JS: Add helper library for call graph exploration

[asgerf]

Exploring the call graph leading to or from a given function should be easier out-of-the-box than it currently is.

This adds a library semmle.javascript.explore.CallGraph which can be imported to help define a path query that looks for specific call paths. For example:

/**
 * @kind path-problem
 */

import javascript
import semmle.javascript.explore.CallGraph
import DataFlow

from InvokeNode invoke, FunctionNode target
where callEdge*(invoke, target)
  and isStartOfCallPath(invoke)
  and target.getName() = "myFunction"
select invoke, invoke, target, "Call path to myFunction"

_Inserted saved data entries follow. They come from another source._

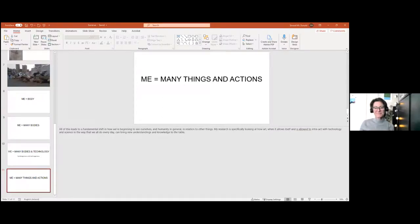The host thanks Sinead - lots of brain food there - and parks the discussion for later. She hands over to Chris, calling it a tough act to follow.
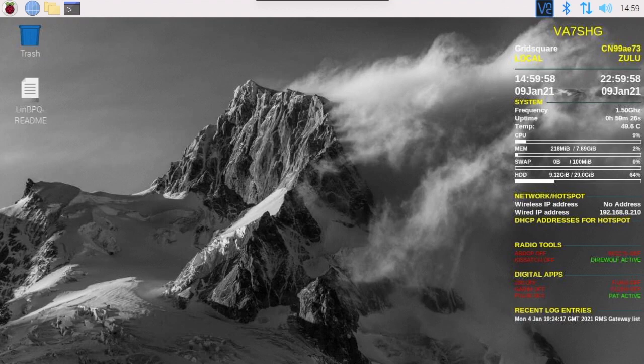Good day everybody, it's Jim Victor Alpha 7 Sierra Hotel Golf here in beautiful Chilliwack. Today's video is going to be about LinBPQ on my Raspberry Pi. I'm using Jason KM4ACK's Build-A-Pie script. Let's get to it.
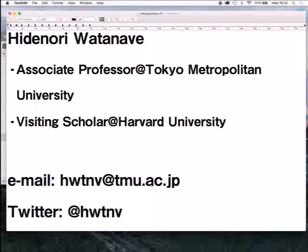I am temporarily at Harvard University as a visiting scholar. My specialty is design or architecture — information design — not coding. Now I will introduce our work.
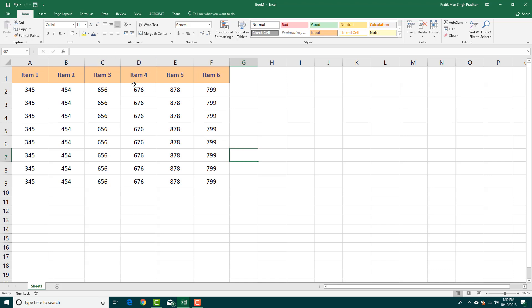Depending on your taste and what you want to highlight, you can use borders quite easily and access different settings. That is how you can apply borders inside of Microsoft Excel. Hope you guys learned something — as always, please like, comment, share, and subscribe.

There are two other work items I'd like to do, but first I'd like hear what people think of the idea:

• Move semmle.javascript.dataflow.ForwardExploration and semmle.javascript.dataflow.BackwardExploration into semmle.javascript.explore
• Add a help page about exploratory queries, explaining how to use these libraries.

[max-schaefer]

That last bit is interesting; why do we want those edges?

[asgerf]

To handle callbacks passed to forEach where we don't see the exact call site.

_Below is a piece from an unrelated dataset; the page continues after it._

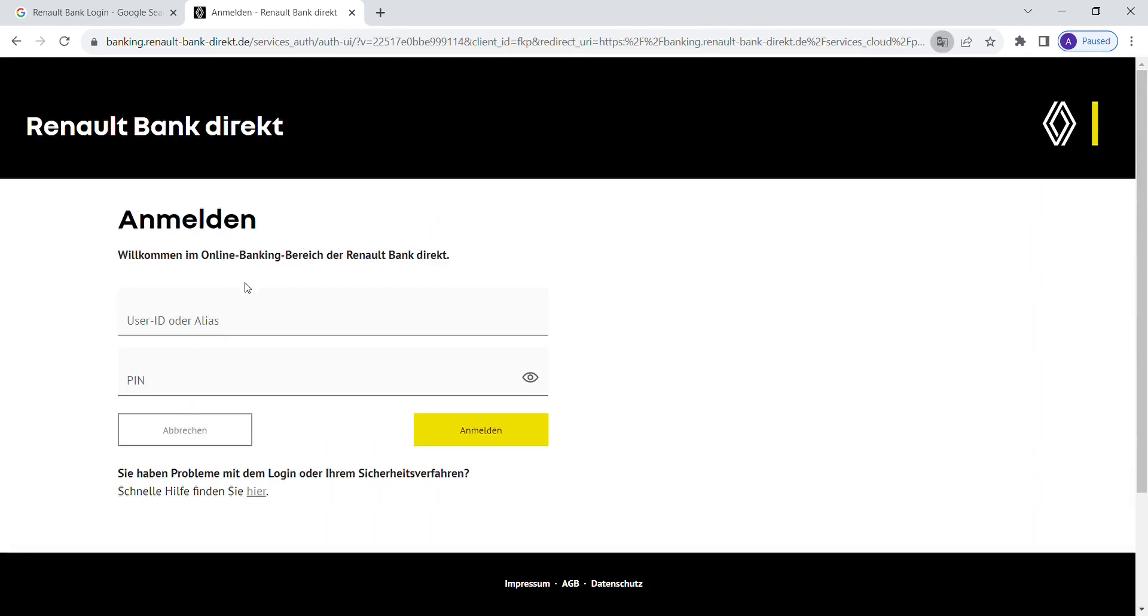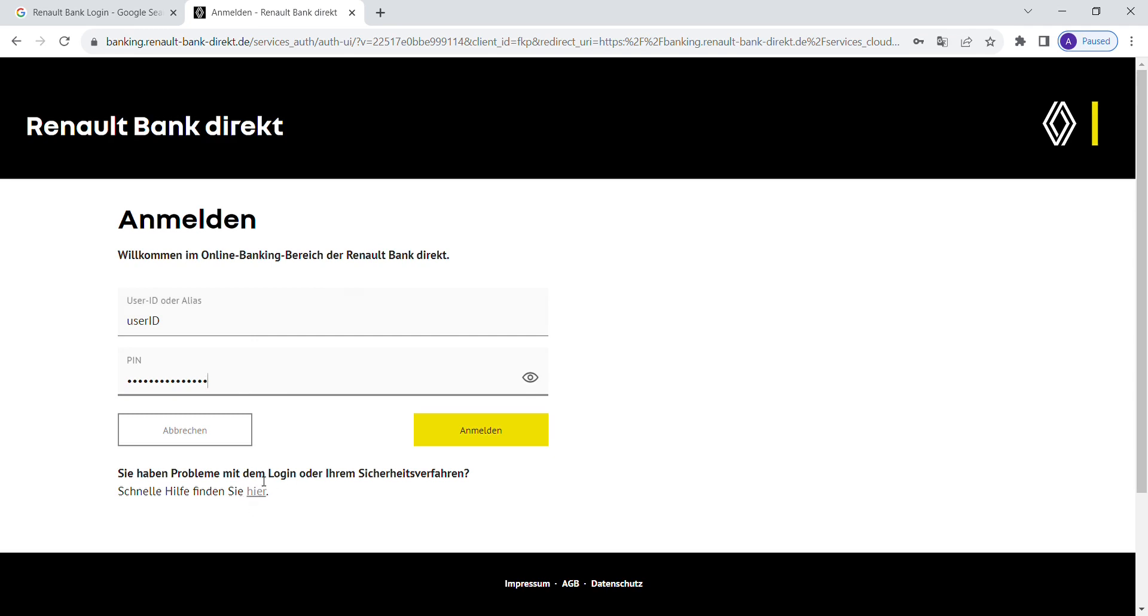After that, you can enter your user ID or alias and enter your PIN code in the designated field below. If you can't recall your login details, click on the provided link here.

So in a sense, a call edge A -> B can be read as A causes B to be called.

Even when it's not technically called in the same stack frame (e.g. through addEventListener) I still found this to be useful.

[max-schaefer]

OK, that makes sense. Could you expand the documentation slightly to explain this?

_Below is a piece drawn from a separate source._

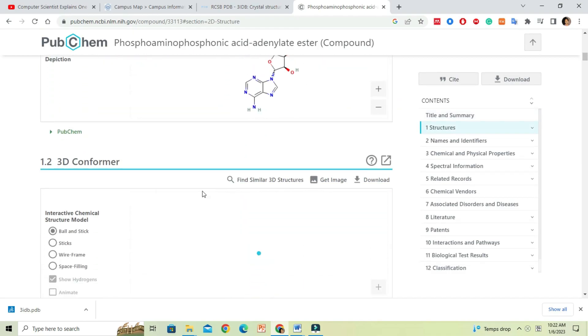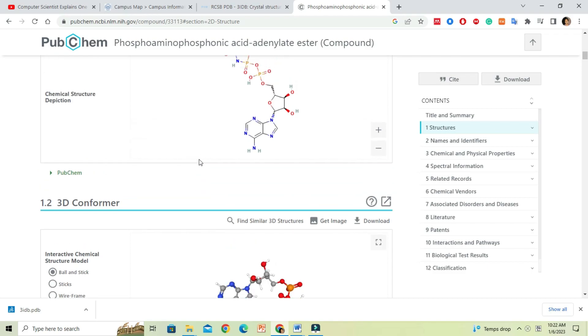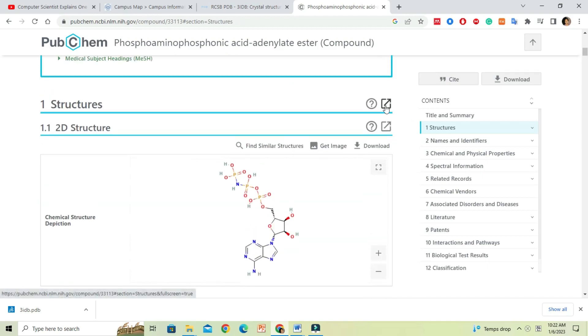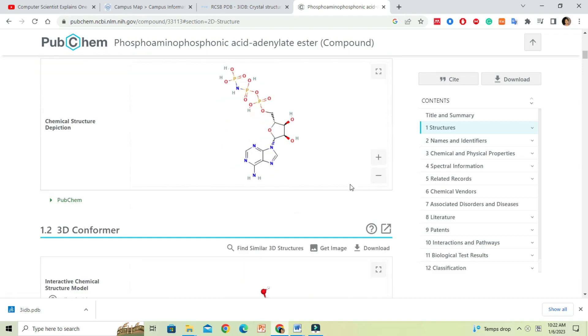Here we can download both 2D and 3D structures of the ligand. If you click on the download button at the right hand side corner, you will see different formats available for download.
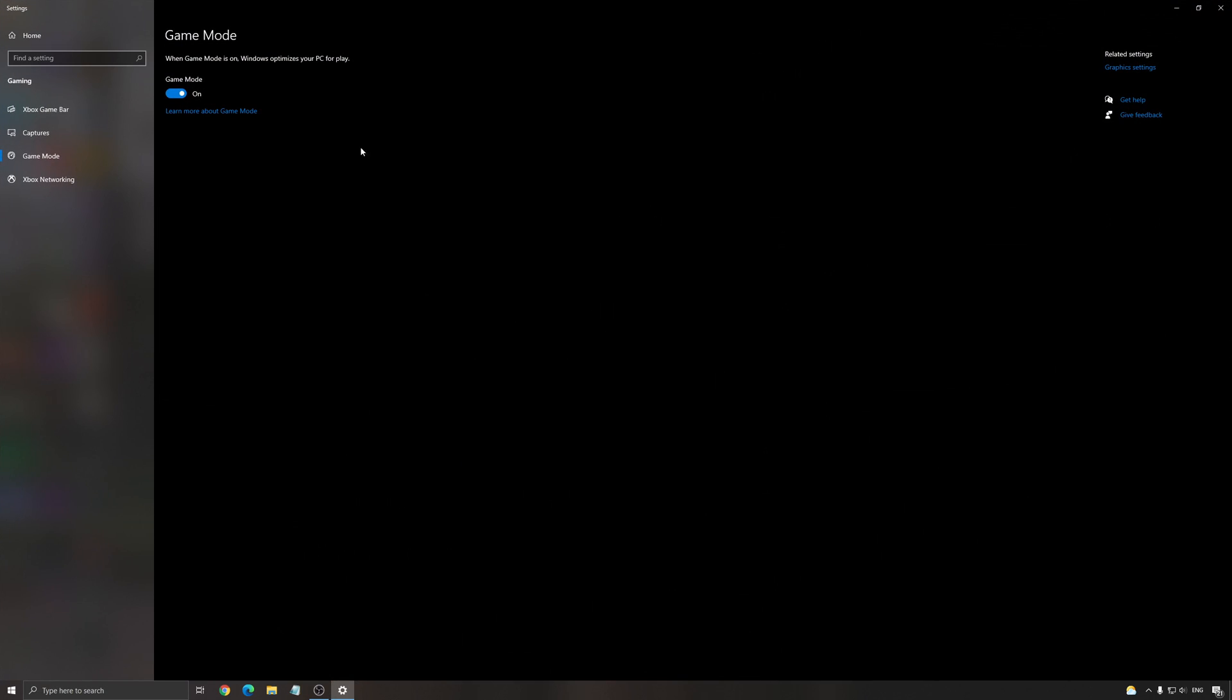Game mode. Write game mode in your search bar. Make sure that game mode is at on. In my video a year ago, I was telling you guys to remove it. Now it's a lot better. They did a lot of updates. And for example, if you have a Ryzen processor, they're going to make sure that they're using the best core in your CPU to run the game.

Also, I wonder whether it would make sense to distinguish the two kinds of edges by giving them different labels?

[esbena]

LGTM.

The move-proposal also sounds good.

Other content for .explore (lets track this elsewhere when this PR gets merged):

• the heuristics module
• a similar one-liner for getting a graph for type/configuration tracking to/from a specific node
• a one liner for seeing the most important Configuration member predicate nodes. I.e. an alert at each sink, source, sanitizer...

[esbena]

Suggested change

	* Holds if `invoke` should be used as the starting point of a call path.
	* Holds if `fun` should be used as the ending point of a call path.

[asgerf]

Rebased and moved the change note to 1.25. I found myself needing this the other day so I'd like it if we can try and get it merged. Writing the help page turned out to be more time-consuming than expected, so I'd like to merge without that.

[erik-krogh]

Could we remove the aliases to forward/backwards exploration in seemle.javascript.dataflow?
I know it is a breaking change, but the files explicitly states that they were only meant for debugging.

The rest LGTM, so I'm approving, and leaving it to you if you want to keep the aliases.

(I tried out GitHub's online conflict resolution, that's how I made a merge commit on your branch).

[asgerf]

Could we remove the aliases to forward/backwards exploration in seemle.javascript.dataflow

It's usually a good idea to have a grace period where both solutions are usable, so I'd like to have both for one release.

[asgerf]

@esbena you're still requesting changes. Any more requests?